# [Exercise directions]
From the line containing "Bomberos al rescate: principales" to the line containing "Kitchen or kitchenette in Garlon Residence" in the records below, set down every line exactly as it stands, both ends included, and skip the pictures.

# [Raw data]
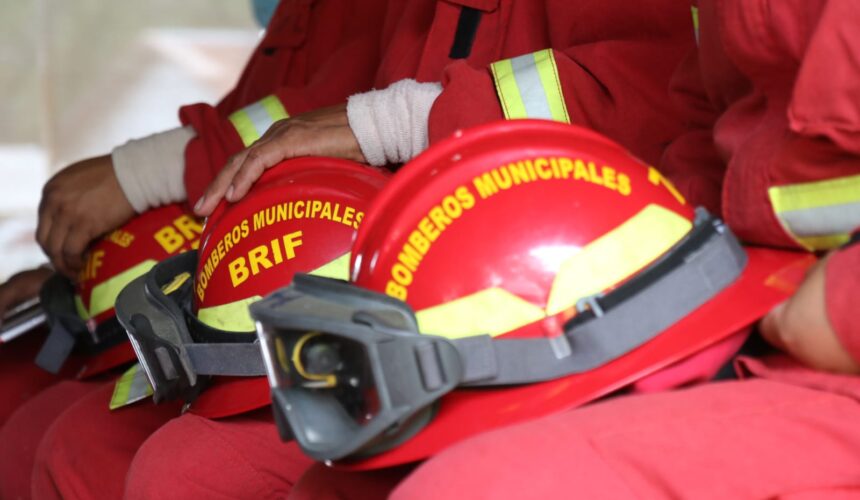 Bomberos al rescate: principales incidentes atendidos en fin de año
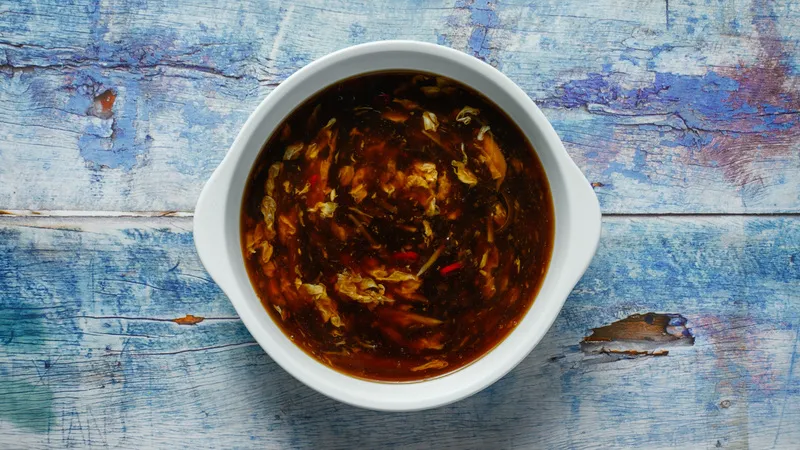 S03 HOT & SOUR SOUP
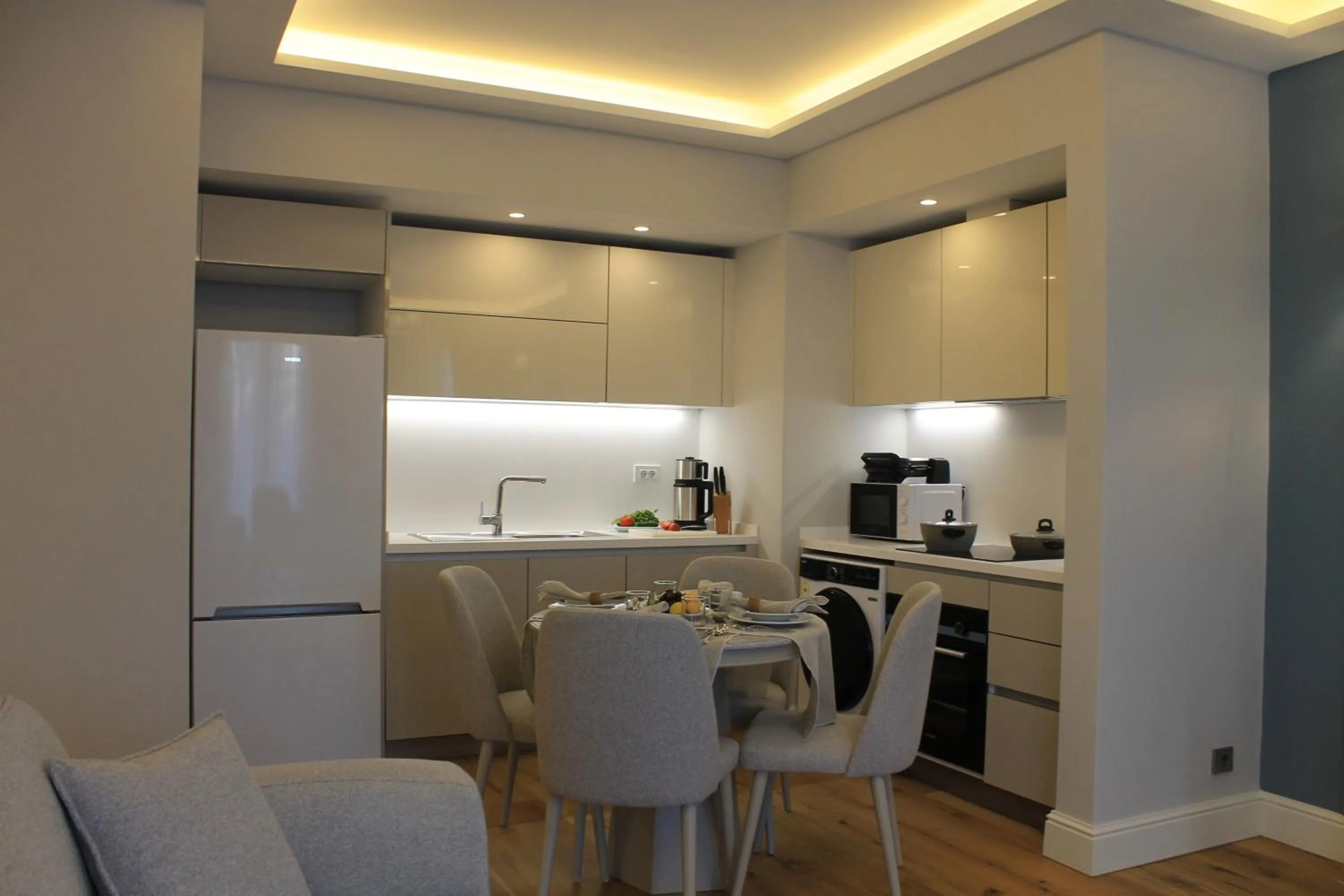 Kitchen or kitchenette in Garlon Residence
---
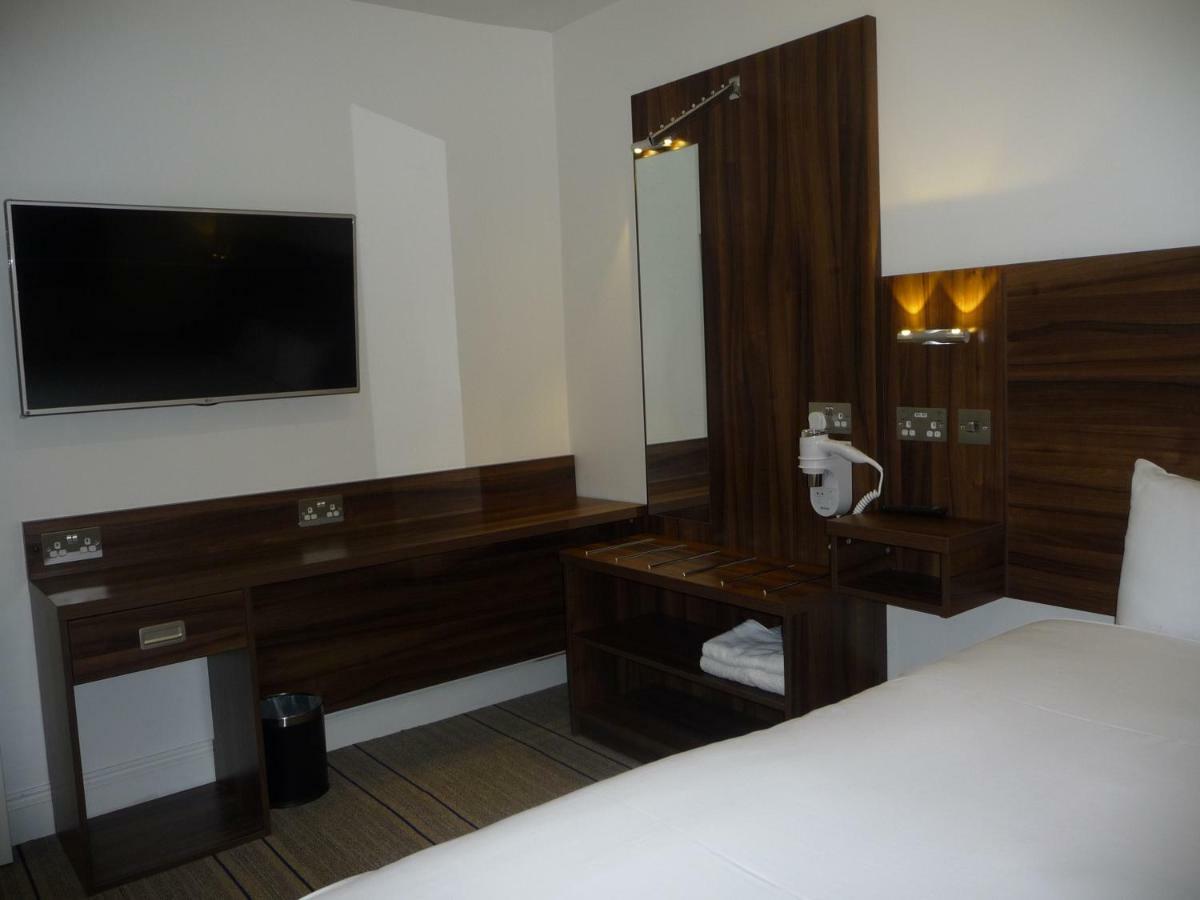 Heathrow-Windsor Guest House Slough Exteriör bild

# [Output for this task]
 Bomberos al rescate: principales incidentes atendidos en fin de año
 S03 HOT & SOUR SOUP
 Kitchen or kitchenette in Garlon Residence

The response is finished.